John Lennon Walks Out Of Studio Disgusted Because Of Paul McCartney Song

John Lennon Walks Out Of Studio Disgusted Because Of Paul McCartney Song | Society Of Rock Videos

via The Beatles/YouTube

Lennon Had Harsh Words For It

It’s no secret that John Lennon and Paul McCartney didn’t always see eye to eye when it came to their songs. Just because the tracks were credited to Lennon-McCartney didn’t mean they sought each other’s approval all the time. Lennon himself expressed his dislike for some of McCartney’s works during his interviews but perhaps nothing will ever top the time he was so disgusted that he walked out of their recording studio.

The song we’re talking about is “Ob-La-Di, Ob-La-Da” featured on The Beatles’ White Album.

Written in a cod Jamaican ska style, McCartney started working on it in 1968 while they were in India. The title was a phrase he heard from a Nigerian friend, Jimmy Scott whom he first met in the Bag O’Nails club in Soho, London. Scott’s also a conga player. McCartney later sent Scott a check for using one of his expressions – “Ob la di ob la da, life goes on, bra.”

McCartney described it as “a very me song, in as much as it’s a fantasy about a couple of people who don’t really exist, Desmond and Molly. I’m keen on names too. Desmond is a very Caribbean name.”

But while it has since become one of their best-known singles, Lennon wasn’t too fond of the song.

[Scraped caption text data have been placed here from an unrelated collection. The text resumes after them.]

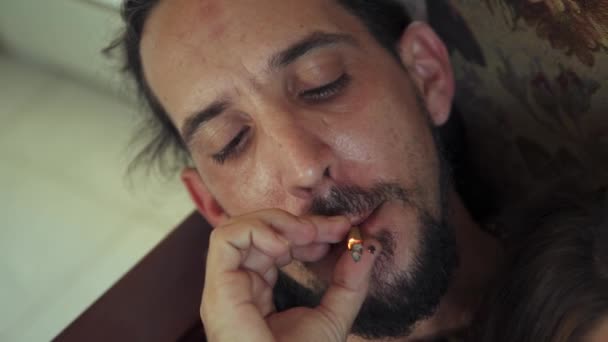 Junger Mann und Frau rauchen zu Hause Marihuana-Zigarette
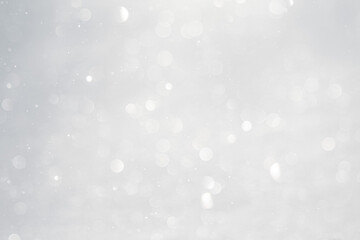 Blurred white bokeh background, snow sparkles in the sun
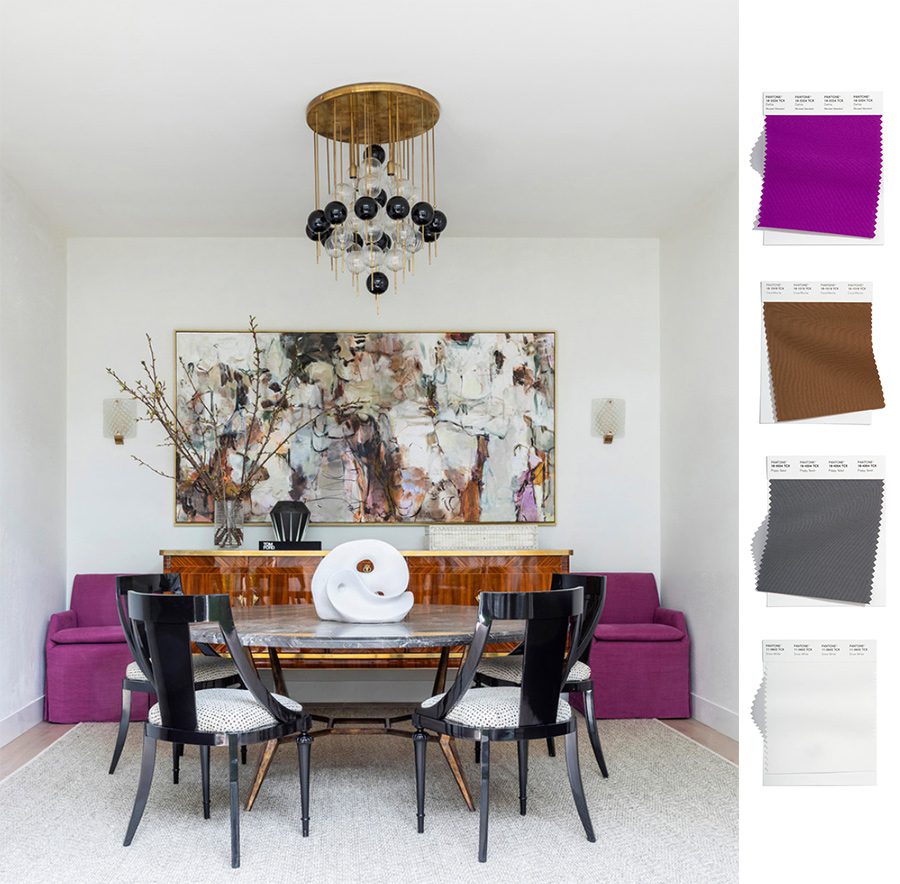 white dining room with bright purple seating and abstract art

In fact, he called it “Paul’s granny shit”.

Speaking about his contribution, Lennon said he “might have given him a couple of lyrics, but it’s his song, his lyric.”

And being an absolute perfectionist, McCartney tried different arrangements so they had to record the track over and over again which only added to the tense atmosphere dominating their White Album sessions. They spent around 42 hours on “Ob-La-Di, Ob-La-Da”.

Sound engineer Geoff Emerick recalled, “John went ballistic. Ranting and raving, he headed out the door, with Yoko trailing closely behind, and we thought that we’d seen the last of him that evening. But a few hours later he stormed back into the studio, clearly in a highly altered state of mind.”

Under the influence of drugs and getting weary of re-recording, Lennon went back into the studio.

According to engineer Richard Lush, “John Lennon came to the session really stoned, totally out of it on something or other, and he said, ‘All right, we’re gonna do ‘Ob-La-Di, Ob-La-Da’. He went straight to the piano and smashed the keys with an almighty amount of volume, twice the speed of how they’d done it before, and said, ‘This is it! Come on!’ He was really aggravated. That was the version they ended up using.”

Paul McCartney wanted to release it as a single but his three other bandmates vetoed it.